The Senate cosponsorship list does not yet include Sen. Bob Casey, who has supported the legislation in the past.
Returning to the House bill as cosponsors are Democratic Congressmembers from Pennsylvania Bob Brady (First Dist.), Michael Doyle (14th Dist.), Chaka Fattah (Second Dist.) and Allyson Schwartz (13th Dist.). New to the cosponsor list are Democrat Matt Cartwright (17th Dist.) and Republican Charlie Dent (15th Dist.).
Cartwright, a freshman lawmaker, has emerged as a strong LGBT ally, said Equality Pennsylvania president Adrian Shanker.
“When Equality Pennsylvania endorsed him last year, we knew he’d be a strong champion for equality and we were proved right,” Shanker said. “He’s backed every LGBT-related bill that’s come across his desk so far. And he represents a district in Northeastern Pennsylvania that includes places like Scranton, Wilkes-Barre, Stroudsburg — not places where we’d always expect a member of Congress to support every single LGBT-equality bill he could.”
Dent has voted for ENDA in the past but he hasn’t cosponsored it, and he’s one of just three Republicans cosponsors.
In a statement last week, Dent said he cosponsored the bill because he doesn’t “believe in any form of workplace discrimination, including discrimination based on sexual orientation.”

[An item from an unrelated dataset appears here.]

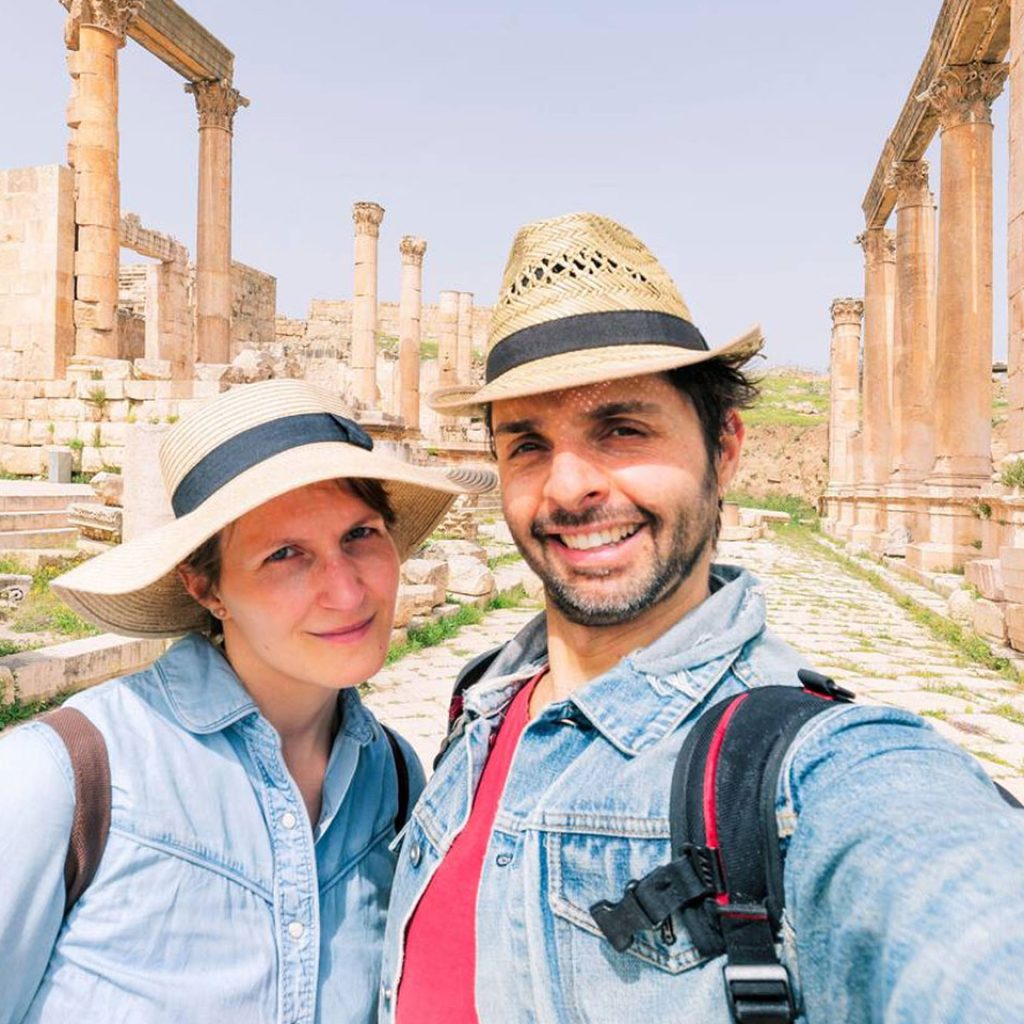 A Couple Taking A Selfie Photo In Front Of The Roman Ruin Of Jerash In Jordan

“Congressman Dent is a moderate Republican from the Lehigh Valley who has supported and opposed different pieces of LGBT legislation throughout the years, but he deserves a lot of credit for being one of just three Republican cosponsors for ENDA, as well as for the Uniting American Families Act,” Shanker said. “We need more Republicans in Congress willing to support basic nondiscrimination protections.”
Shanker added he hopes Dent’s leadership sways some Republican state legislators to back the state bill to ban LGBT discrimination in employment and other areas.
“I hope that some Republicans in the state House and Senate who share his commitment to some of the same issues will take a look at his cosponsorship of ENDA and realize that this is not at all a controversial issue or something that should be partisan,” Shanker said. “It’s an issue about basic equality for all Pennsylvanians. And I think we will see some Republicans following his lead.”